Às vezes, ele até dirigia como Miles. – Eu não chegava falando: 'Ninguém me chama de Don, hoje eu sou Miles o dia todo', mas procurava ficar o mais próximo possível do personagem, revela Cheadle, irônico.
Essa proximidade se estendeu aos números musicais. Cheadle, que tocava sax alto no colégio, aprendeu a tocar trompete com a ajuda do vencedor do Grammy e velho amigo, Wynton Marsalis.
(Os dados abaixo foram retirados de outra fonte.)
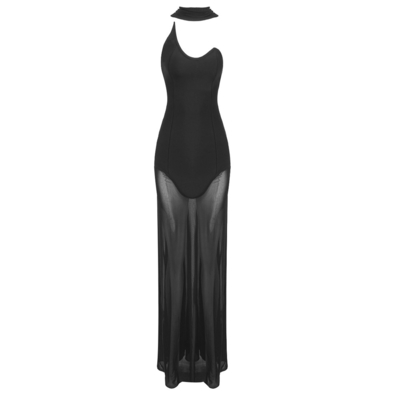 Summer end Sexy Women's Maxi Club Dress Tight Mesh Bandage Long Party Dress Off-shoulder Sleeveless Made in Guangdong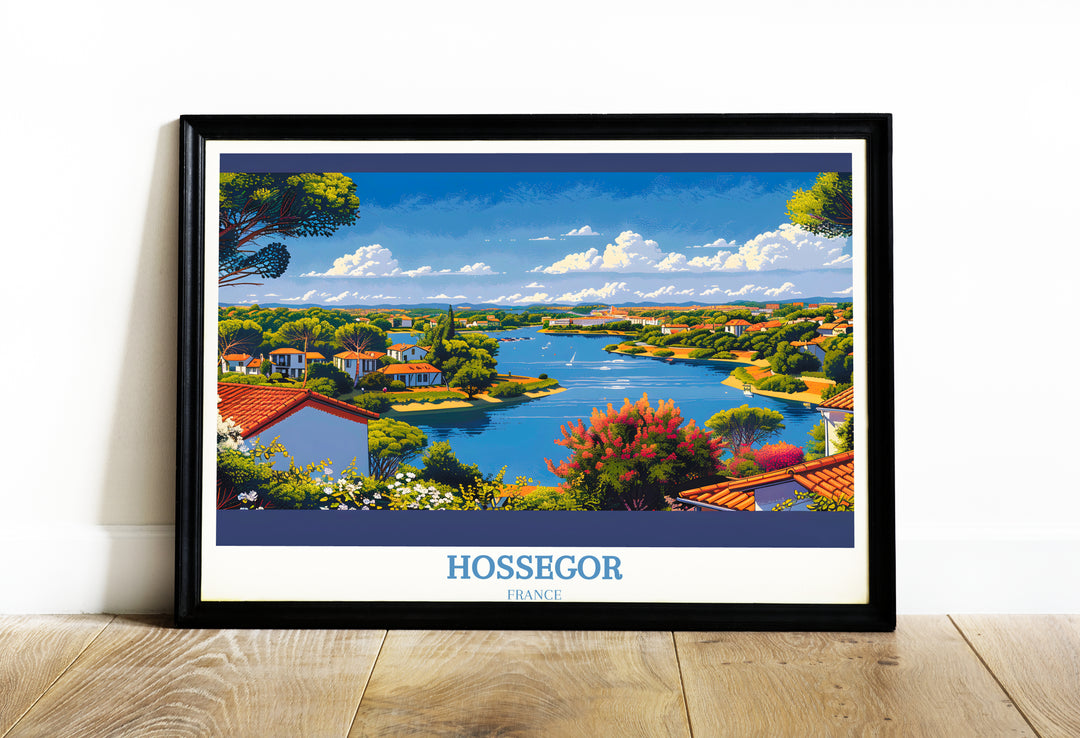 Vibrant Hossegor Travel Poster showcasing the iconic beaches and dynamic surfing culture of Landes, perfect for adding a touch of coastal France to your decor.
Kristen Bell, colega de Cheadle em "House of Lies", a comédia do Showtime sobre consultores de gestão, conta que ele já estava trabalhando no projeto desde que se conheceram, há seis anos. "Eu o via voltar para o trailer praticamente entre todas as tomadas para praticar o trompete", diz ela.
Ewan McGregor é um jornalista curioso que quer entrevistar o músico recluso. Em entrevista durante o Festival de Cinema de Berlim, Cheadle afirmou: – Ter um ator branco nesse filme acabou se tornando uma obrigação financeira, comentário que gerou polêmica – mas não surpresa, principalmente durante a temporada do #OscarsSoWhite.
– Ninguém chegou a ponto de dizer que eu tinha que contratar esse ou aquele ator para fazer com que a coisa rolasse. É bem provável que chamasse um ator japonês famoso se quisesse rodá-lo no Japão, mas tinha meio que uma lista de nomes que facilitaria a entrada da grana, esclareceu ele mais tarde.
– Então não foi tipo, "Tenho que contratar o Ewan McGregor?".
– Tá certo, como se isso fosse uma coisa ruim, retruca ele, rindo.
Os próximos dois meses serão corridos para o astro: "House of Lies" volta para a quinta temporada, no dia dez de abril. O relacionamento entre seu personagem e o de Kristen Bell é considerado um dos mais disfuncionais e encantadores da TV. – Parece que estamos tirando uma partida de tênis de mesa no escuro, mas adoramos. Com certeza ele é uma das minhas pessoas favoritas habitando o planeta atualmente, elogia ela, por telefone.
Em maio, reprisará o papel de Máquina de Combate em "Capitão América: Guerra Civil", filme de que está proibido de falar, segundo as ordens da Marvel. – Os caras me acompanham em todo lugar. Se começo a falar, já vejo aparecerem pontinhos vermelhos no peito.
Em relação a "Miles Ahead", ele espera que o filme permita ao público ver o músico em toda a sua complexidade. – Ele era muito sensível e criou uma persona para se proteger. Então, lembrando-se do que um companheiro de banda de Davis comentou, acrescenta: – É o cara que você acha o mais descolado do mundo e, no entanto, não sabia se seria legal acompanhar o ritmo com o pé ou fazer isso só dentro do sapato, para ninguém ver. Tony Williams conta que ele vomitava antes de todas as apresentações que fizeram juntos e não era por que estava alto.